Postmortem: The Shape Classifier Broke Every Time We Added a New Domain
TLDR
The original shape classifier matched on CSS class names and element IDs. It worked for one domain. Adding a second domain required branching. Adding a third made the branches inconsistent. The geometry-based replacement works identically across all domains with no domain-specific code.
The Assumption That Seemed Reasonable
The editor controlled every shape it produced. Every wire had class="wire". Every component had data-geo-class="component". Every connector had class="junction". The classifier was a direct lookup:
function classify(el) {
const cls = el.getAttribute('data-geo-class') || el.className;
if (cls.includes('wire')) return 'wire';
if (cls.includes('junction') || el.tagName === 'circle') return 'connector';
return 'component';
}
This was correct for the electrical domain where these conventions were defined. It was fast. It required no geometric computation. For a single domain with controlled authoring, it was the right implementation.
When It Failed
The construction domain was added. Construction elements used different class naming: walls were <path class="wall">, not <path class="wire">. Structural components were <rect class="struct-element">. The classifier returned 'component' for walls and 'component' for structural elements, treating them identically even though walls should behave like wires in connectivity analysis.
A branch was added:
if (domainMode === 'construction') {
if (cls.includes('wall')) return 'wire';
}
The software domain was added. Software architecture diagrams use different shapes: arrows for dependencies, boxes for modules, circles for external systems. The classifier needed more branches.
After three domains, the classifier had a top-level domain check that dispatched to one of three sub-classifiers. Each sub-classifier had different rules and different failure modes. A bug fixed in the electrical sub-classifier might not be fixed in the construction sub-classifier because they were separate code paths.
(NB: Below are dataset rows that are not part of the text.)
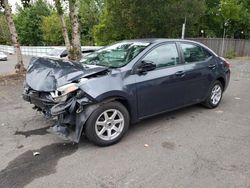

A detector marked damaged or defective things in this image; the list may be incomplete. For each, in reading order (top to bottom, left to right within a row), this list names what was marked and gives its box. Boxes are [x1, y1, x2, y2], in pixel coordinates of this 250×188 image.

cracked hood [25, 57, 107, 91]
damaged toyota corolla [23, 39, 230, 146]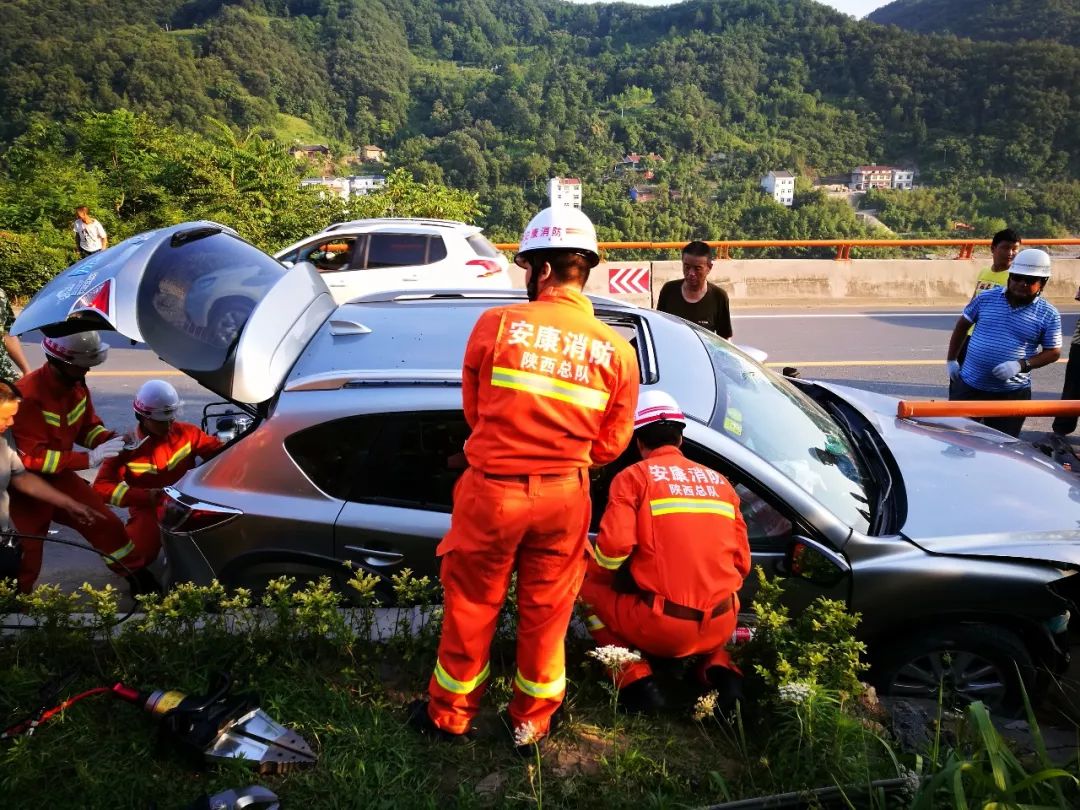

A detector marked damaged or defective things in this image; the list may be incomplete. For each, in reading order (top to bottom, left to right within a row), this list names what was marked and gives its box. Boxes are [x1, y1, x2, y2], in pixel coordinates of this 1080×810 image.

damaged silver suv [14, 221, 1080, 712]
crumpled car hood [816, 382, 1080, 564]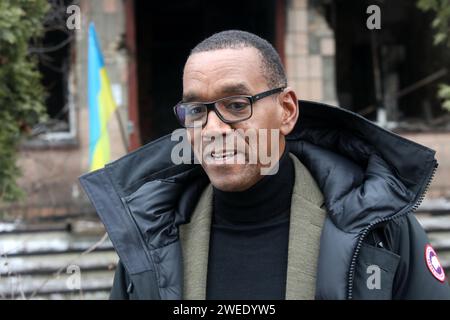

The deeper problem appeared with import. When a user imported an SVG drawn in another tool (Inkscape, Lucidchart, or a downloaded template), the elements had no data-geo-class attributes. The classifier returned 'component' for everything. Wires were not detected. Topology analysis produced no connectivity.
What Was Actually Wrong
The class-based classifier was correct only for diagrams produced by the specific tool version that assigned those classes. It was wrong for any other input. This was not discovered until the import feature exposed diagrams the tool did not produce.
The domain branching was papering over the same fundamental problem: the classifier trusted author-assigned metadata. When the metadata was wrong or absent, the classifier was wrong.
What Got Deleted
The domain-specific branches in the classifier: the domainMode === 'electrical' check, the domainMode === 'construction' check, and the domainMode === 'software' check. Also deleted: the hardcoded class-name lists per domain (WIRE_CLASSES, COMPONENT_CLASSES).
Combined, this was about 120 lines of branching logic.
What Replaced It
A 4-phase geometry pipeline: path parsing, coordinate canonicalization (applying transforms to get global coordinates), geometric metric computation (circularity, linearity), and classification based on those metrics.
The classification thresholds (linearity > 0.85 = wire, circularity > 0.65 = connector) are the same for all domains. A wall in a construction diagram and a wire in an electrical diagram both have high linearity. The classifier correctly identifies both as wire-type elements without knowing anything about walls or wires.
Domain-specific metadata (data-geo-class) is still respected as an override when present. The geometry classifier provides the fallback for any element without it. This makes the system work correctly for both controlled diagrams (fast path: trust the metadata) and imported diagrams (fallback path: classify by geometry).
The Lesson
A classifier that relies on author-assigned metadata is correct only when you control the author. For any system that processes external input, derive classification from the data's intrinsic properties. Geometry does not change based on who drew the shape.